BEGIN

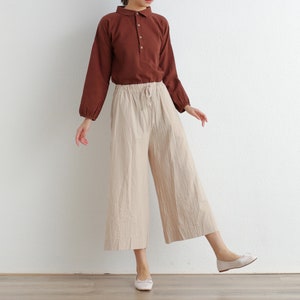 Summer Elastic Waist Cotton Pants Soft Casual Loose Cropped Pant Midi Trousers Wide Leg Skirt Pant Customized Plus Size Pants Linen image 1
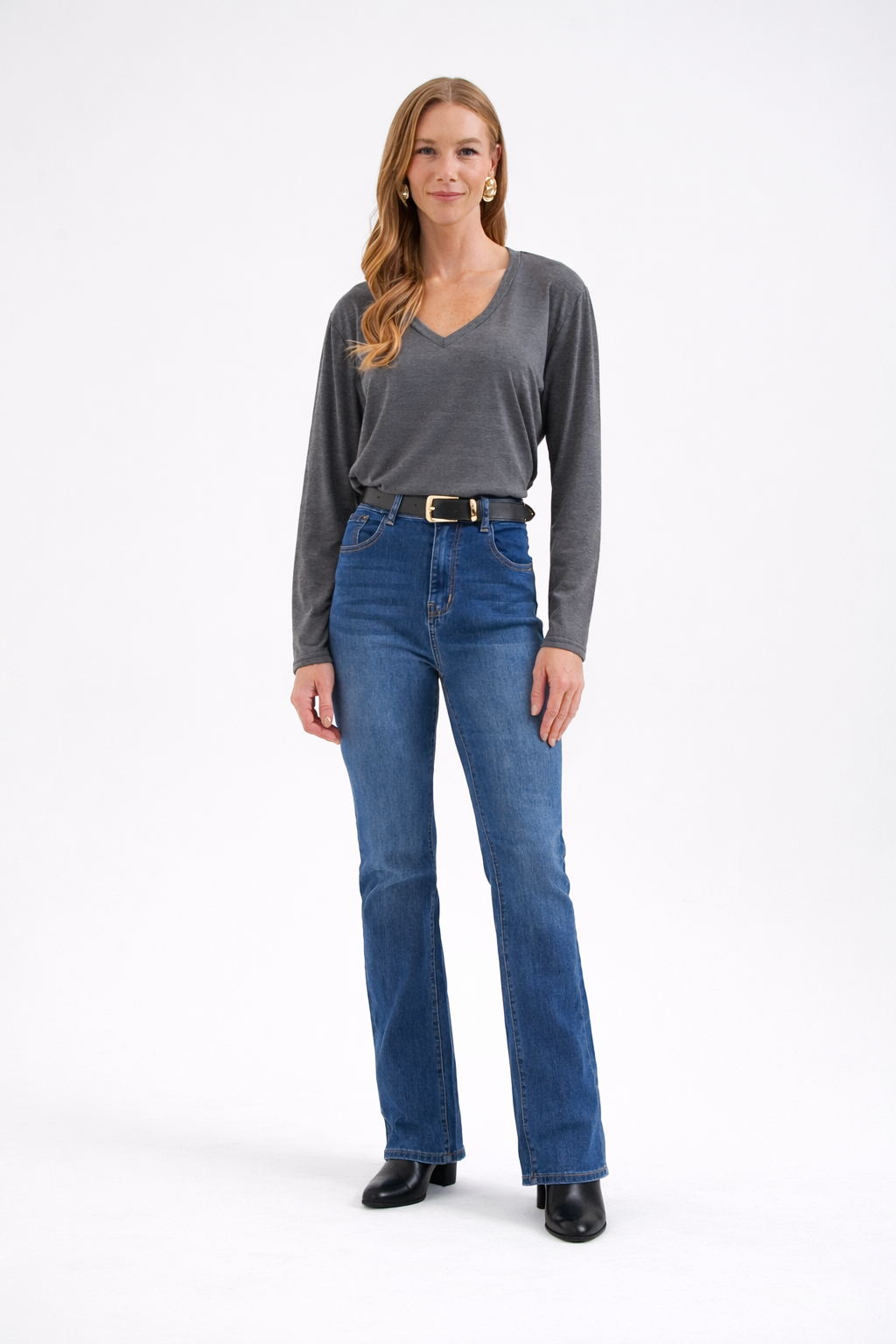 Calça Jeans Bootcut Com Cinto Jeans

END
BEGIN

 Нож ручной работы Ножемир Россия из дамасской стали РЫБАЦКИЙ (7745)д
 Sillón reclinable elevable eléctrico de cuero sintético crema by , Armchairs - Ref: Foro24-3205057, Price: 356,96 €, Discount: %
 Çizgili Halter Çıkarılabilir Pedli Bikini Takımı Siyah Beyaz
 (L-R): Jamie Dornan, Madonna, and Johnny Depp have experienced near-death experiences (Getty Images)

END
BEGIN

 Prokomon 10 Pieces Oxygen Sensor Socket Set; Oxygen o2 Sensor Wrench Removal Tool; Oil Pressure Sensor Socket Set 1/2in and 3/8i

END

## Work instruction:
The answer is the lines of the material above, from the one containing "Summer Elastic Waist" down to the one containing "Calça Jeans Bootcut Com Cinto Jeans", given exactly and without images.

## Response area:
 Summer Elastic Waist Cotton Pants Soft Casual Loose Cropped Pant Midi Trousers Wide Leg Skirt Pant Customized Plus Size Pants Linen image 1
 Calça Jeans Bootcut Com Cinto Jeans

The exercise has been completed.